2.2. Full-Length Viral Genome PCR and Sequencing
Sapovirus RNA genome was extracted from 10% stool suspensions using the MagMax Viral RNA Isolation Kit (Thermo Fisher Scientific, MA, USA). Viral RNA genome was retrotranscribed to complementary DNA (cDNA) using the Maxima Minus First Strand cDNA Synthesis Kit (Thermo Fisher Scientific). The cDNA reaction was performed immediately after viral RNA extraction to reduce damage of the long viral RNA molecules by a freeze and thaw cycle. The annealing reaction (65 °C, 5 min then hold at 5 °C) contained 5 µL of extracted sample RNA, 2 µL 100 µM of the primer TX30SXN [34], 1 µL 10 mM dNTPs and volume adjusted to 14 µL final with DNase/RNase free (DNF) water.
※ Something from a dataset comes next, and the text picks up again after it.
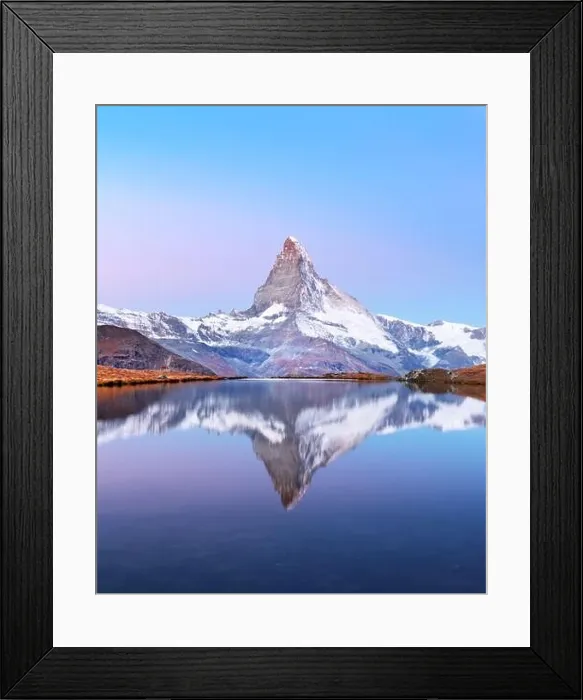 Framed Print : Picturesque landscape with colorful sunrise on Stellisee lake. Snowy Matterhorn Cervino peak with reflection in clear water. Zermatt, Swiss Alps Framed Print : Picturesque landscape with colorful sunrise on Stellisee lake. Snowy Matterhorn Cervino peak with reflection in clear water. Zermatt, Swiss Alps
Following the annealing step, a single 6 µL mixture containing 4 µL of 5× RT first-strand synthesis buffer, 0.1 µL Max H minus Enzyme Mix and 1.9 µL DNF water was added to each annealing reaction while on ice. The RT reaction was completed by incubation at 50 °C for 1 h, 85 °C for 5 min, then held at 4 °C and/or stored at −80 °C until use in the full-length viral genome PCR reaction.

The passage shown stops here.